**Work required**
Look through the entries below for the line with "Schirmann Waterfront Home - thumb 5" and the line with "2021 Toyota 4Runner 5th Gen - Image 12 of 21", then give again exactly those two lines and all lines between them, minus the pictures.

**Task inputs**
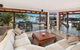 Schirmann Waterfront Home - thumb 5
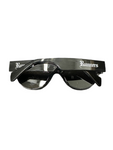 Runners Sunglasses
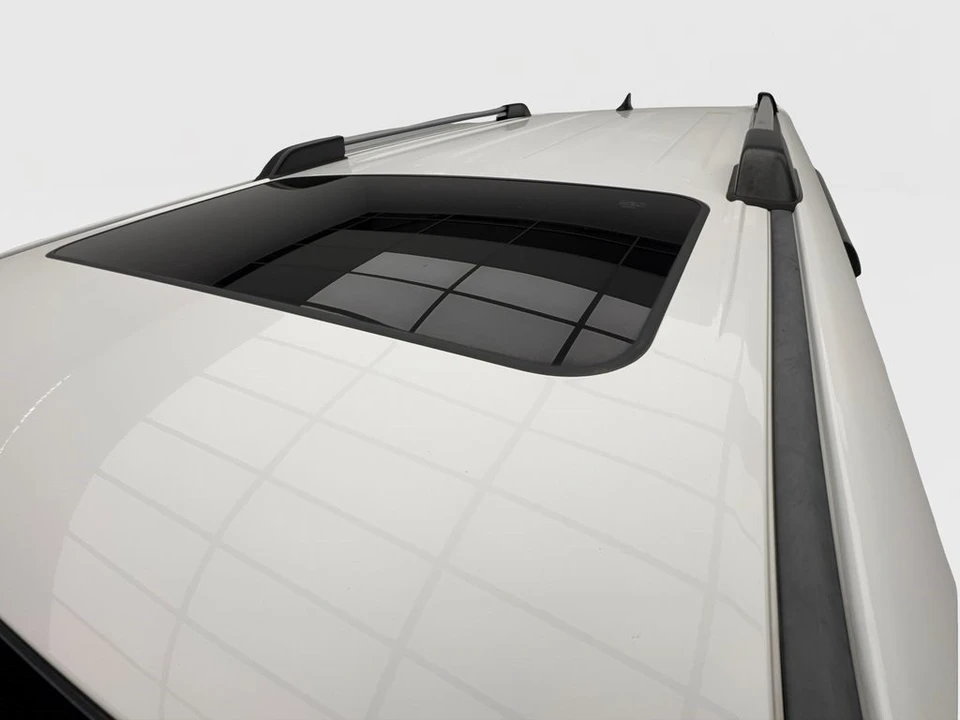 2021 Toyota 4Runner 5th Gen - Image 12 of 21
---
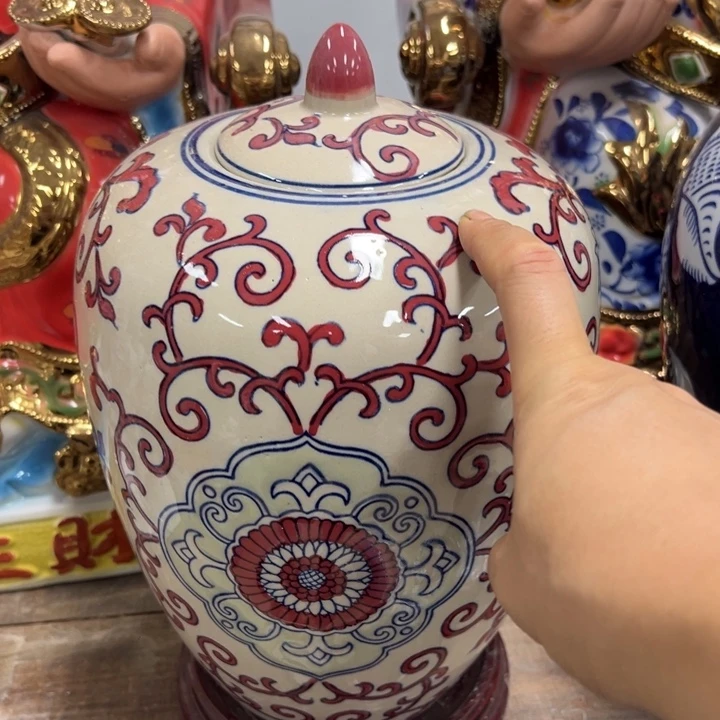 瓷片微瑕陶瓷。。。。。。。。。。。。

**Solved problem**
 Schirmann Waterfront Home - thumb 5
 Runners Sunglasses
 2021 Toyota 4Runner 5th Gen - Image 12 of 21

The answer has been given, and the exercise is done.